Alternative sites for disposal:
Click on to the following site and scroll to the bottom for a list of syringe drop boxes available 24 hours a day:
For disposal contact your local county public health department and/or solid waste department for proper disposal specific to that county.
Individuals who use syringes at home are responsible for ensuring that their used syringes are stored in a way that does not cause a health hazards. To safely dispose of used sharps in the state of Washington, you may also use one of the options listed below to dispose of used needles, lancets, and syringes.
I. Mail-back Programs
Mail-back disposal programs allow home sharps users to mail used sharps to licensed disposal facilities as a safe disposal option. Such programs charge a fee for this service. Check with your health care provider or pharmacist, or search the yellow pages or Internet using key words “sharps mail-back.”

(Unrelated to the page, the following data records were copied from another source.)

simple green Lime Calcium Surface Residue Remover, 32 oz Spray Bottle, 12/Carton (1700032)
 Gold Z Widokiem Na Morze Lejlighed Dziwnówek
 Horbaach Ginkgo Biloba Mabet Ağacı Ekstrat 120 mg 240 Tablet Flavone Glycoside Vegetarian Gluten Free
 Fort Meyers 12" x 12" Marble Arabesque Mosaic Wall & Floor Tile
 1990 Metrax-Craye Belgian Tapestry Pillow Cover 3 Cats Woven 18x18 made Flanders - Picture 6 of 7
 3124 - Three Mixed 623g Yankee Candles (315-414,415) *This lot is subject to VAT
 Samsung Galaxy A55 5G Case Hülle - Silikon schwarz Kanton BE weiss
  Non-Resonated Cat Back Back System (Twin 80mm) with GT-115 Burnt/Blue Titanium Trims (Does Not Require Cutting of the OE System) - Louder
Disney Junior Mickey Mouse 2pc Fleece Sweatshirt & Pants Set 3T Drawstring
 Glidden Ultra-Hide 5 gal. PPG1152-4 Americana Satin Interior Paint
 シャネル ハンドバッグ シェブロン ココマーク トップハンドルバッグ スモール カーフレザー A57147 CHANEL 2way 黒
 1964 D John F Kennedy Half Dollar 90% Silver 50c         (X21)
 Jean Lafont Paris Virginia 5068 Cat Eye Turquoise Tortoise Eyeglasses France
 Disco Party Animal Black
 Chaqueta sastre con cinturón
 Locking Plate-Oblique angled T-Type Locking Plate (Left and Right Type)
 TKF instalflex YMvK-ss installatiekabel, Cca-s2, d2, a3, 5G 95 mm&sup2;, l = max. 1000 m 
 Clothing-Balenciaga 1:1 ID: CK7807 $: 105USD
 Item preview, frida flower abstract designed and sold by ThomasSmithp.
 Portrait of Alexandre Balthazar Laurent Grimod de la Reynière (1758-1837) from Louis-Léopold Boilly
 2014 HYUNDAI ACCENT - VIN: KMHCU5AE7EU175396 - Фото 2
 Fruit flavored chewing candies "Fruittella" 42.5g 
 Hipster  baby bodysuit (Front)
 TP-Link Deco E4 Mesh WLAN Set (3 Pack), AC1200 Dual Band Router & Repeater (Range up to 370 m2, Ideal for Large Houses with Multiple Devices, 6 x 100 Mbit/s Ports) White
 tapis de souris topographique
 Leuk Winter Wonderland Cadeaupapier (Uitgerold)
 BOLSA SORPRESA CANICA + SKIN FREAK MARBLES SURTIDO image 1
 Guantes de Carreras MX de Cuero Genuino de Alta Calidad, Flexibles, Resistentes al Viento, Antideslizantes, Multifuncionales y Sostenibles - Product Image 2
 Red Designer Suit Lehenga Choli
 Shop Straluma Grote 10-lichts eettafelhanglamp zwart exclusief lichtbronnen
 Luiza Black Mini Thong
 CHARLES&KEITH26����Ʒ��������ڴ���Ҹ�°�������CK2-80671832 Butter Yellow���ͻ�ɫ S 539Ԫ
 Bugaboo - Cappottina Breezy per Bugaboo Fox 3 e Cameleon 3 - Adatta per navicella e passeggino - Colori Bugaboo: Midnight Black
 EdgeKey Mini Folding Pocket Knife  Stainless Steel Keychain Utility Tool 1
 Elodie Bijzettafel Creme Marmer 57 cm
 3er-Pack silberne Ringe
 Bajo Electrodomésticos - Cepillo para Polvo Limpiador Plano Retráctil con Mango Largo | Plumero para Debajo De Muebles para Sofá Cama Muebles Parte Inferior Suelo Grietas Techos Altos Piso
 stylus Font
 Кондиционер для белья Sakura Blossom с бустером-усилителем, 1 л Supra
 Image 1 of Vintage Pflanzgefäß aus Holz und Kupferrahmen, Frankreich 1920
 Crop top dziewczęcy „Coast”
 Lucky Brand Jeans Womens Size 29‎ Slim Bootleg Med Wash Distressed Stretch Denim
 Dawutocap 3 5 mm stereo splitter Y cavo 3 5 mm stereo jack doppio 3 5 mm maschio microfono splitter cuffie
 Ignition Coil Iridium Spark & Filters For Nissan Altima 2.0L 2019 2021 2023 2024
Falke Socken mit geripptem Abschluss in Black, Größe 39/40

II. Needle Destruction Devices
Devices or containers with mechanisms that bend, break, incinerate (destroy by high heat), or shear needles are called sharps needle destruction devices.
A destruction device that incinerates needles and lancets can be used at home to destroy needles immediately after use. These small, portable devices use a few seconds of high heat to melt needles and reduce them to BB-size balls. Previously used only in healthcare facilities, these devices are now available in smaller, less expensive models for home use.
Once the needle or lancet is destroyed by heat in a destruction device, the remaining syringe and melted metal should be placed in an approved sharps container and disposed of properly.
A needle cutter that automatically stores the cut needles is also useful while away from home when a disposal container is not available. The remains of the syringe after the needle has been clipped can be placed in either a household container or a sharps container (if there is a site available to drop off the sharps container). When the needle clipper is full, simply place it in the storage container (household or sharps container) and dispose of properly.
III. Legal, but Less Safe
In most counties in Washington (except Seattle residents in King County) it is currently legal to put used sharps that are in a household container with a lid into the garbage.
However, this is highly discouraged because of the injury and health risks it places on garbage hauler and processing facility workers. It is best to use one of the options previously listed for safe management and disposal of used sharps.
NEVER PLACE LOOSE NEEDLES AND SYRINGES IN THE TRASH!
Label container “Do Not Recycle.”
Put sharps in point-first.
Containers more than half-full should be disposed of.
Store sharps in closed container with the cap screwed on.
Although placing household generated sharps in the regular trash may be allowable under state rule, some municipalities prohibit this disposal method. Please check with the local authority to determine if this practice is acceptable in your community. You should contact your county or city waste manager, public health official, sanitary department, or environmental health department.